= Pooled income fund =

The Pooled Income Fund (PIF) is a type of charitable mutual fund or charitable trust that pools the securities or cash separately donated by an individual, a family or a corporation to a charity, which is then invested to provide dividends for both the donor's beneficiary and charity. The donations are irrevocable and tax-deductible and must be from personal assets. Capital gains taxes do not apply to securities donated to such a fund. The Pooled Income Fund was created by the Tax Reform Act of 1969 and is governed by IRS Section 642(c)(5).

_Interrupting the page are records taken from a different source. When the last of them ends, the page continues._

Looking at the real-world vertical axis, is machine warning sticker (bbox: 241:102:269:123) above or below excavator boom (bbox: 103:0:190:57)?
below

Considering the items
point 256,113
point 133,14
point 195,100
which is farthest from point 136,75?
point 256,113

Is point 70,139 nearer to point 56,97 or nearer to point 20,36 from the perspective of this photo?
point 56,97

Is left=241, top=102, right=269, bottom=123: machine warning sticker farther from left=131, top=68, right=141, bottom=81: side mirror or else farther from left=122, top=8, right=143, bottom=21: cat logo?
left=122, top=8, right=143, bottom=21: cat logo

After a donor dies, the balance of their donation is given to a predetermined qualified 501(c)(3) charitable organization (or several organizations). Charities typically manage their own pooled income fund, and fund their operations through the donated securities.

==History==
Created in 1969, the Pooled Income Fund (PIF) grew in popularity during its first two decades. In the 1970s and 1980s, when rates on intermediate-term bonds were well into double digits, PIF managers were able to invest in a combination of stocks and bonds that enabled long-term preservation and growth in principal as well as income payouts up to 10 or 12 percent during those decades.

In the late 1980s and into the next two decades, as the bond rates began and continued to spiral down, the resulting PIF payout rates for declined as well, with some falling below 3% in the new millennium. While a PIF might pay 3%, the standard recommended Charitable Gift Annuities payout rate for a 70-year-old was above 5%. The number of PIF forms (Form 5227) filed with the IRS declined 67% in 7 years, from 4,571 in 2001 to 1,488 in 2008.

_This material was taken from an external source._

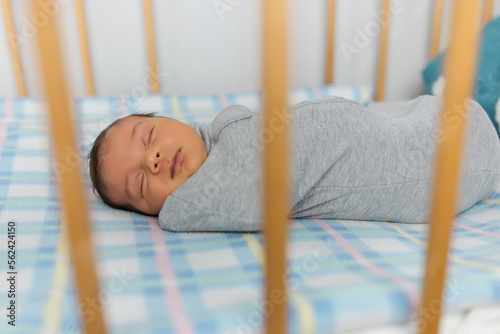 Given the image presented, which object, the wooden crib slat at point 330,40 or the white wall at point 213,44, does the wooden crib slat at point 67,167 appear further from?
the wooden crib slat at point 330,40

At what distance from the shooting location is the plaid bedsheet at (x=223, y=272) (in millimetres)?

When interest rates reached their historic lows, around 2020, the Pooled Income Fund market began to reemerge with the establishment of new PIFs -- any PIF in existence for less than three taxable years preceding the year of contribution -- with the possibility of locking in large charitable deductions as well as reaping enhanced income payout rates, in comparison with other split-interest charitable vehicles, like charitable remainder trust or charitable gift annuity.